▶ **Exercise prompt**:
Only the lines of the data below from the one with "Detail of blue" through the one with "Plane over Maho" are wanted. Repeat them exactly.

▶ **Listed entries**:
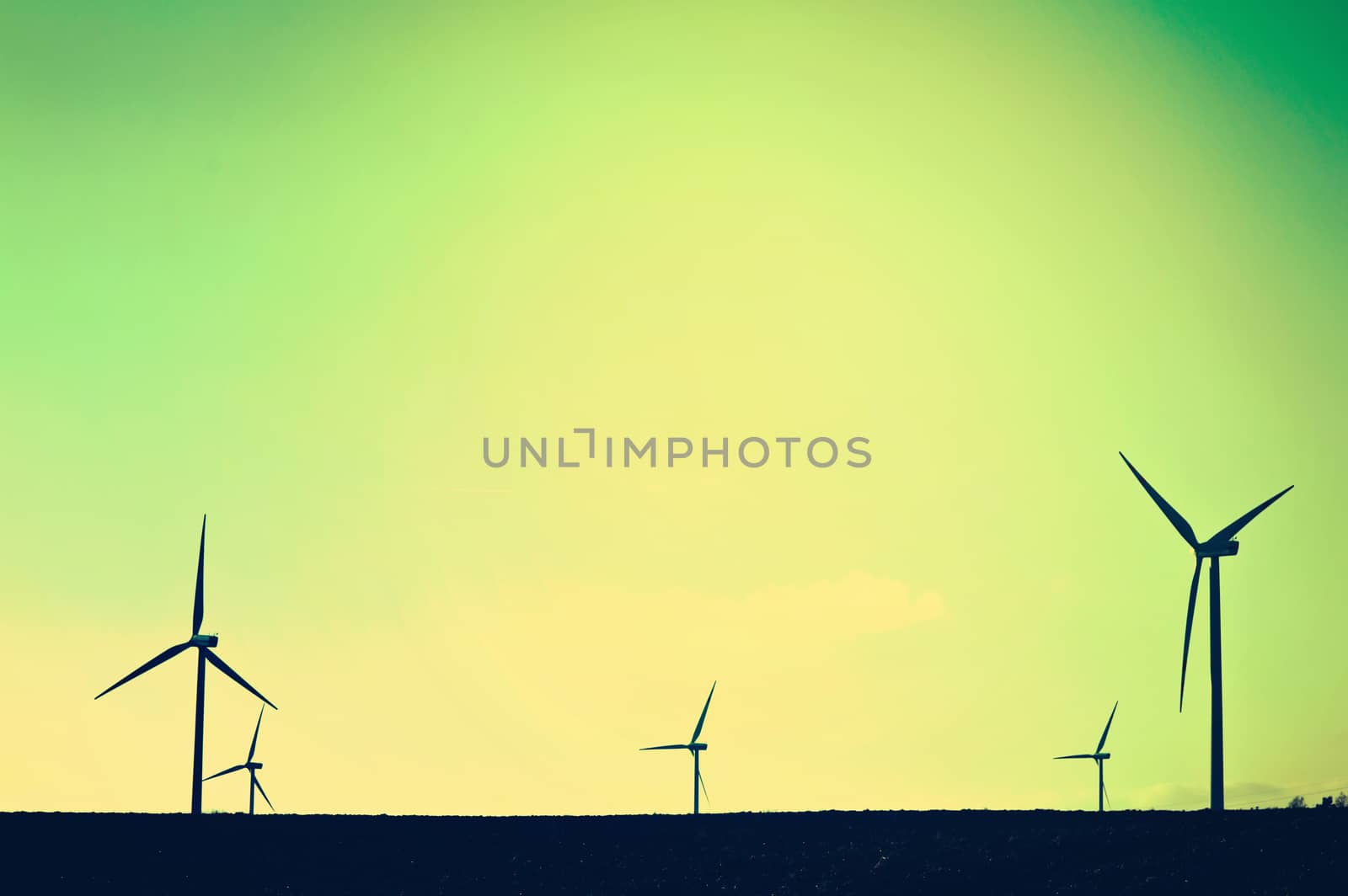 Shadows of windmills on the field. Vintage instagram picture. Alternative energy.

---

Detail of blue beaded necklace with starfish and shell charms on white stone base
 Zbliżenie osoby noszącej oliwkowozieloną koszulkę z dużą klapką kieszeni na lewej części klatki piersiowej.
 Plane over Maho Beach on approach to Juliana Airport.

...

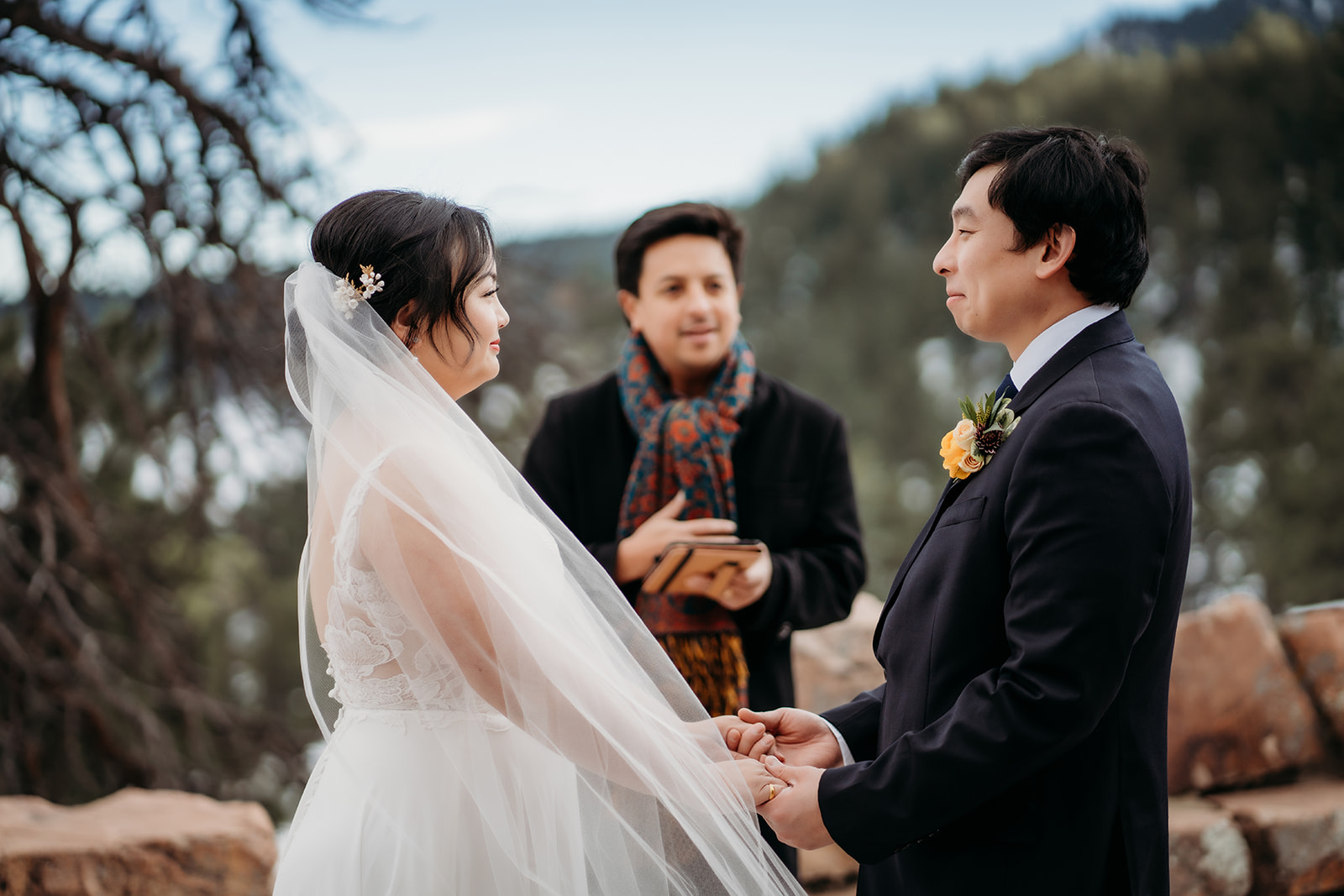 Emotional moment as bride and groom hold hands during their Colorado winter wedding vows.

▶ **Exercise result**:
Detail of blue beaded necklace with starfish and shell charms on white stone base
 Zbliżenie osoby noszącej oliwkowozieloną koszulkę z dużą klapką kieszeni na lewej części klatki piersiowej.
 Plane over Maho Beach on approach to Juliana Airport.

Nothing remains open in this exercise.